South Lanarkshire Cooperatives Objects
2012 was the United Nations (UN) International Year of Cooperatives.
"Cooperatives are a reminder to the international community that it is possible to pursue both economic viability and social responsibility."
United Nations Secretary-General Ban Ki-moon 2011. "Co-operatives are businesses owned and run by and for their members. Whether the members are the customers, employees or residents they have an equal say in what the business does and a share in the profits."
The cooperative movement has grown from a small shop in Lancashire in 1844 to a world-wide movement.
In 1844 Rochdale Pioneers Society opened their shop near Manchester with a capital of £28, starting a period of startling co-operative growth.
Just 4 years later a coop shop opened near Rutherglen Cross.
Hamilton Cooperative Society opened at 31 Chapel Street in 1861 and was one of many cooperative shops in South Lanarkshire.
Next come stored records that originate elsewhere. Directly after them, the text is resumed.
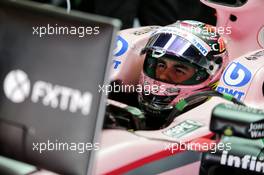 Sergio Perez (MEX) Sahara Force India F1 VJM10. 12.05.2017. Formula 1 World Championship, Rd 5, Spanish Grand Prix, Barcelona, Spain, Practice Day.
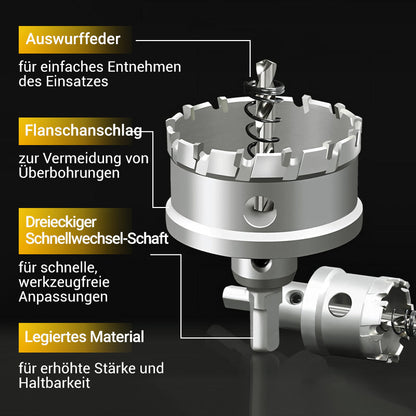 Hartmetall-Lochfräser für Metall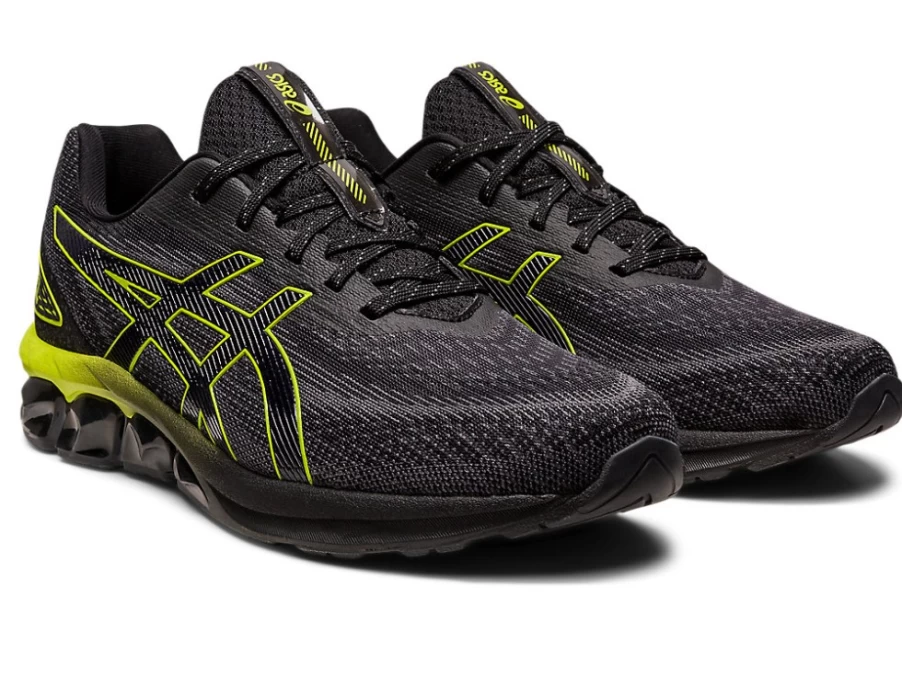 ASICS Gel-Quantum 180 VII Men's Running Shoes - Black/Neon Lime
Between 1907 and 1914, when a new Ford car cost £190, the Hamilton Coop baking society had a bakery, shop and dining rooms in Union and Quarry Streets, Hamilton.
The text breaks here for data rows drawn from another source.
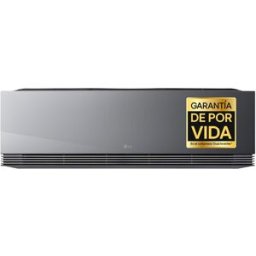 LG Aire acondicionado Split 1x1 Inverter con 2.150 frig/h y 2.752 kcal/h, WiFi - MIRROR09X.SET. Antracita espejo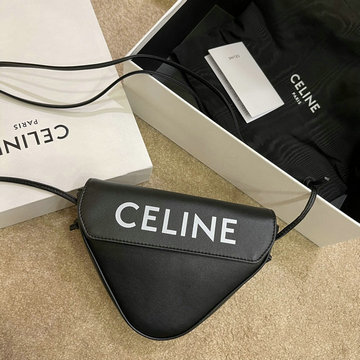 セリーヌ CELINE BXN-CE20533PBK 2021年最新作 トライアングルバッグ 斜め掛け ショルダーバッグ クロスボディ レディースかばん カーフレザー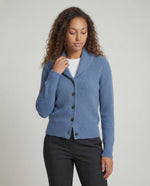 Frieda Notch Collar Knit Cardigan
The objects on display illustrate the impact of the Cooperative movement in South Lanarkshire. These are:
- A distinctive commemorative teapot to celebrate 70 years of the East Kilbride Co-Operative Society Limited (1862-1932) , made by Gibson's pottery, Staffordshire.
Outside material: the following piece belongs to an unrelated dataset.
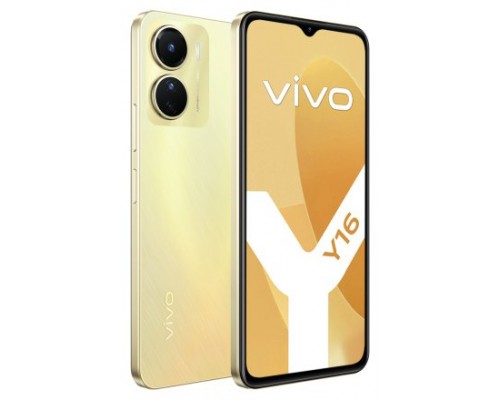 VIVO Y16 (4+128) DG smartphones 16,5 cm (6.51") SIM doble Android 12 4G USB Tipo C 4 GB 128 GB 5000 mAh Oro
- An unusual design of plate was produced for the Avonbank Co-operative Society to commemorate the opening of their Chapel Street, Rutherglen premises, in December 1905. The plate is made by J & M P Bell of Glasgow.
- More than 100 years ago the Co-op in Scotland produced a newspaper for its members. The Scottish Co-Operator - A Journal of Progress and Economy. Number 890 Volume XXIII 5 November 1915 runs to 28 pages and was printed by the Scottish Co-operative Wholesale Society Limited, Shieldhall, Glasgow. This war-time issue features an advertisement for margarine on the front cover.